Haskins has restored many well-known paintings in the collections at The Mission Inn Hotel & Spa from 1984 through 2018. Notable restorations his company, FACL, has done funded by the Friends include: The Espousal of the Virgin, St. Francis and the Flying Cross, The Good Samaritan, Charge Up San Juan Hill, the two McBurney paintings, and the thirty-six California mission paintings by Henry Chapman Ford, highlighted by a PBS Special. The mission paintings are a national treasure to the history of California and greatly influenced the Spanish-style architecture in Riverside. Of course, they are an eminent part of the identity of the Mission Inn. All these significant restorations have been made possible by our committed members and donors, and attendees at our fundraisers. Most of the artwork at the Mission Inn has been financed by Duane Roberts and The Mission Inn which included all of the old masters’ works in the Spanish Art Gallery (over 100) and many others.

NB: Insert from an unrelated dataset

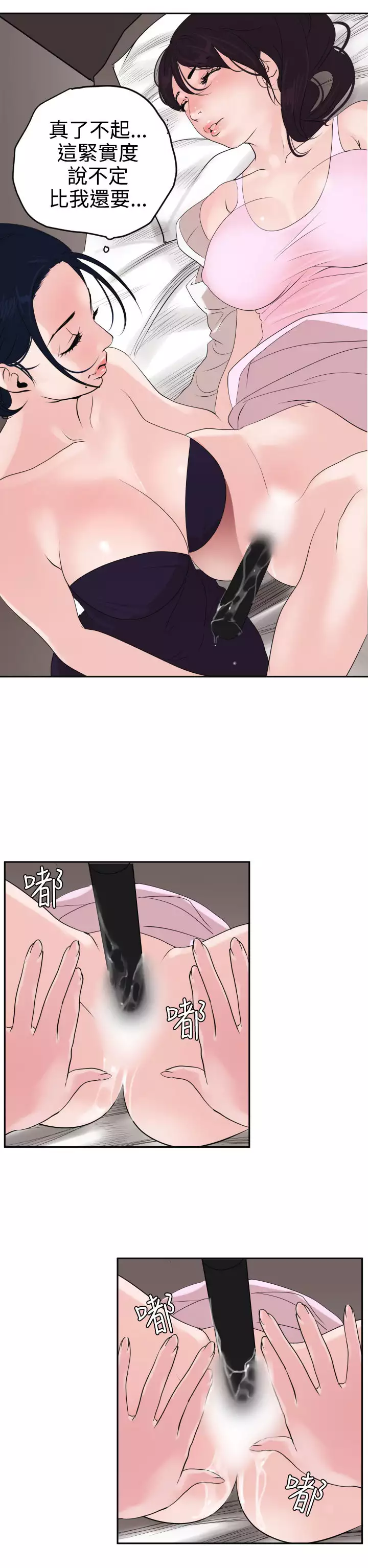 Desire King Ch.1-25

Featured speaker at a docent forum held at the hotel in 2017, Haskins said the main objective concerning the old masters’ paintings was preservation, as opposed to esthetic repairs, since they are displayed at a viewing distance. Also, the decision of the level of restoration of a particular piece and its cost often depends on the assessed recuperation of the original value. He described the many ways artwork is damaged (disasters, accidents, smoke, mold, bugs and misuse) and the variable scientific processes used to restore them.
Recently, it was announced that Haskins has been chosen Head of the Mural Conservation Team (working alongside the original muralist) to lead the team to restore the 1776-1976 Bicentennial Freedom Mural on the Corona/Riverside Prado Dam. The team plans to restore the 45-year-old mural to its original state after being badly vandalized.
Restoration Projects Update by Skip Forster, Restoration Committee
The Friends of the Mission Inn Board has elected to retain conservator Scott Haskins of Fine Art Conservation Laboratories of Santa Barbara to conduct a review of the artifacts on our current corrective action list and recommend measures to be taken to restore them to good condition.
A partial list includes: restore the Japanese wedding lantern and Phoenix carving in the Ho-O-Kan, resurface the altar in St. Cecilia’s Chapel, treat the wooden columns flanking the Assisi statue in the Atria, and repair the frame on the 1st floor McBurney painting. Scott has a long and beneficial relationship with the Friends, the Inn, and the Roberts family. Foremost among many of Scott’s achievements is the restoration of the Henry Chapman Ford mission paintings, which was featured on a PBS special. With Scott’s help we hope to develop an ongoing plan of preventive maintenance to prevent our valuable artifacts from degradation and ruin.